Ensaio. Intervenções sobre o grafismo (Lithipokoro4) e a faixa de isolamento.
No mês de julho, convidei Lilly pra inventarmos juntas uma pequena cena para apresentar num encontro internacional de práticas pedagógicas em Teatro, o DELTA X, que iria acontecer no México, em Guadalajara. Queria apresentar pra Lilly outro território indígena, numa Abya Yala tão plural. Eu estava com muita vergonha do Brasil que historicamente e em ato contínuo vem exterminando os povos indígenas. O tema do encontro era Medo e Violência na América Latina. Achei que seria uma oportunidade bacana de denunciar a violência contra os povos indígenas, falar da importância das cotas étnico-raciais na universidade e, ao mesmo tempo captar a vibração de uma população indígena mais presente5 – ainda que sofrendo todos os tipos de opressão. Afinal, o capitalismo e o neoliberalismo são continuações do colonialismo – do Alaska à Patagônia, devastando tudo, comendo a Terra, enchendo o * de muito poucos com muito dinheiro. A dor do “novo mundo” é imensa.
Criamos Nós, entre ela e eu, com poucos materiais: o documento final da Marcha das Mulheres Indígenas, “Território: nosso corpo, nosso espírito”, o microconto Um beija-flor invade a casa6 (que Lilly havia traduzido para a língua Baniwa), grafismo Baniwa, um galho de árvore queimado, um rolo de papel branco, um pincel feito a duas mãos, potes de tinta vermelha e preta. Gravações com cantos de Laureano Baniwa (A música das cachoeiras – Do alto Rio Negro ao monte) e outras de noticiários sobre questões indígenas. (Infelizmente perdemos fotos melhores… mas ficam essas poucas como memória.)

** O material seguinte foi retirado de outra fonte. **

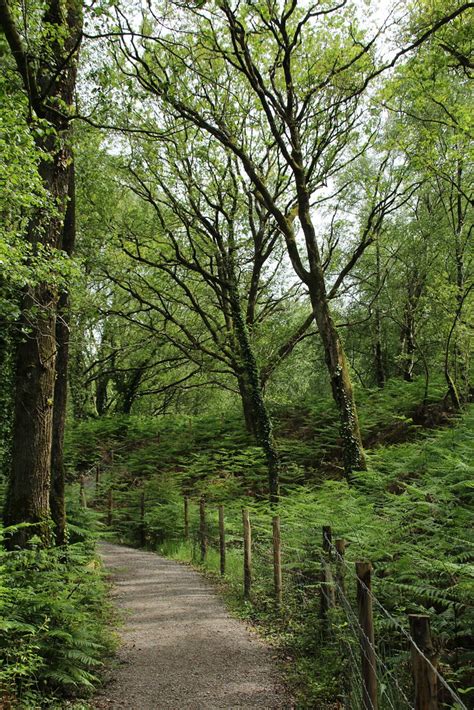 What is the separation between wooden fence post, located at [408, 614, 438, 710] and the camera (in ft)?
7.49

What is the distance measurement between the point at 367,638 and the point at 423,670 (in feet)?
4.52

A colonização deixou muitas marcas e feridas nas nossas memórias, principalmente nos jovens na região do Alto Rio Negro no Amazonas. Eu estava nessa confusão de não saber como me defender dos preconceitos e da discriminação na cidade grande. Eu tinha várias perguntas sem resposta. A minha casa havia sido tomada pelo “espírito colonizador” dos missionários que demonizaram a minha cultura. Como se defender, se você foi ensinado a demonizar sua própria cultura?
Lembrei-me da minha pesquisa sobre o grafismo Baniwa, do que eu aprendi com os mais velhos e com os professores dos magistérios indígenas, em São Gabriel da Cachoeira Artes. Comecei a me desfazer de tudo que havia sido colocado na minha cabeça, descolonizei o meu pensamento e o pensamento das pessoas da minha casa.

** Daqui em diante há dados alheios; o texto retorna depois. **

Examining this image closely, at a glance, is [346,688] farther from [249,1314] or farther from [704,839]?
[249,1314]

Esses conhecimentos precisam urgentemente serem incluídos nas escolas de artes brasileiras, pois são conhecimentos originários ignorados há séculos, fazendo do Brasil um país preconceituoso e racista. Quando fui convidada para representar curso de Artes Cênicas no encontro de Guadalajara, vi a possibilidade de criar a partir da minha cultura e da realidade dos povos indígenas no Brasil. Então, logo pensei nesta escrita milenar do meu povo.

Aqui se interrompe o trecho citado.